They think this will shut me up. It won’t.
They think they can get rid of me forever. They can’t.
They think they are doing this to me. They aren’t.
Let’s be clear – there is a bully at work here – but the enemy of Christ, of Joseph, even the enemy of me isn’t Chris or Clyde or jealous siblings or military powers or church leaders. These folks don’t know what they’re doing! Mistaking the power they wield as their own, these bullies think they are causing harm and inflicting pain.
The bully – the enemy of God – has been rallying troops of broken, hurting, insecure people since the Story began. Jesus knew, Joseph discovered, and I’m slowly beginning to understand that while bullies participate in the work of the enemy, they aren’t him. My battles aren’t against people any more than Jesus was put to death by the power of some nails and a couple of pieces of wood. The person calling me names and reaching out toward me with ill intent is a piece of clay, just like me.
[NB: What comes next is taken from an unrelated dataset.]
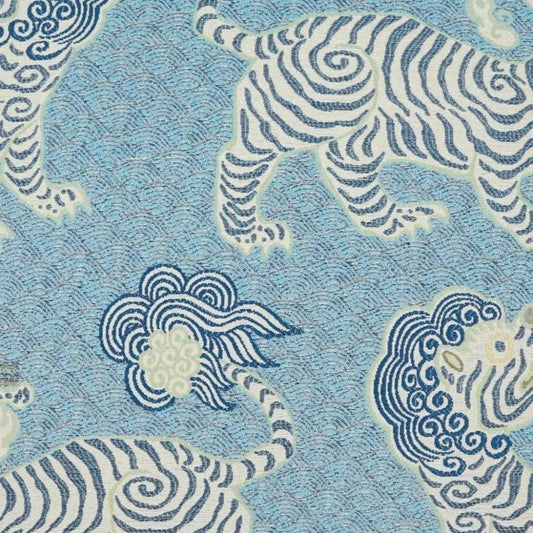Kathmandu Porcelain Blue Large Throw Pillow Insert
Only, I choose to be shaped by the hands of the Potter rather than worked over by a craftsman whose commitment to his workmanship ends when it’s usefulness does, too.
No one Wants What They’ve Got when it’s a bully who’s dishing it out.
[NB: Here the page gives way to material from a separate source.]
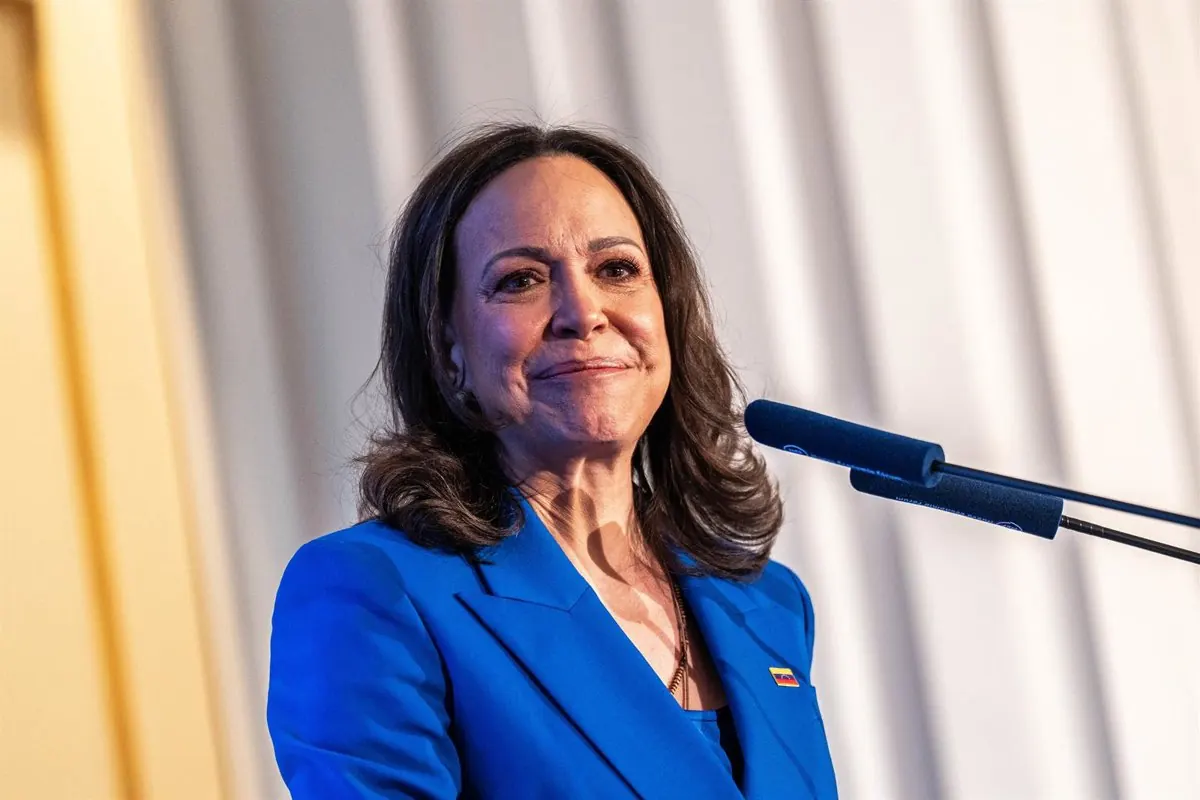 María Corina Machado, líder opositora venezolana y candidata presidencial inhabilitada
Joseph didn’t. I surely didn’t. Jesus didn’t, either. He even asked God to let Him pass on sipping from that cup.
But in the hands of the Potter and the Author of our faith, backwards is the new forwards! God is planning good things, and evil intent can be appropriated and used to shape a vessel that holds Living Water in quantities generous enough to quench the thirst of the whole world. Or fill the tummies of an entire famine-inflicted nation.
So – Want What You’ve Got, bullies and all, and wait for it…
Because no matter how things look today, God’s intentions are very, very good.
Daily Questions: Who are the bullies in your life today? Are you down in the trenches – or down in the dumps – struggling with an enemy you can see with your eyes? Think again. The world thought that the enemies of Jesus got the better of Him on the cross, but the real bully was waiting for Him on the other side. The resurrection proves that Jesus fought that battle and won! Choose today to want the eternal security you’ve got in Christ; stop giving so much power (and credit) to the bullies in your life! They really don’t know what they’re doing!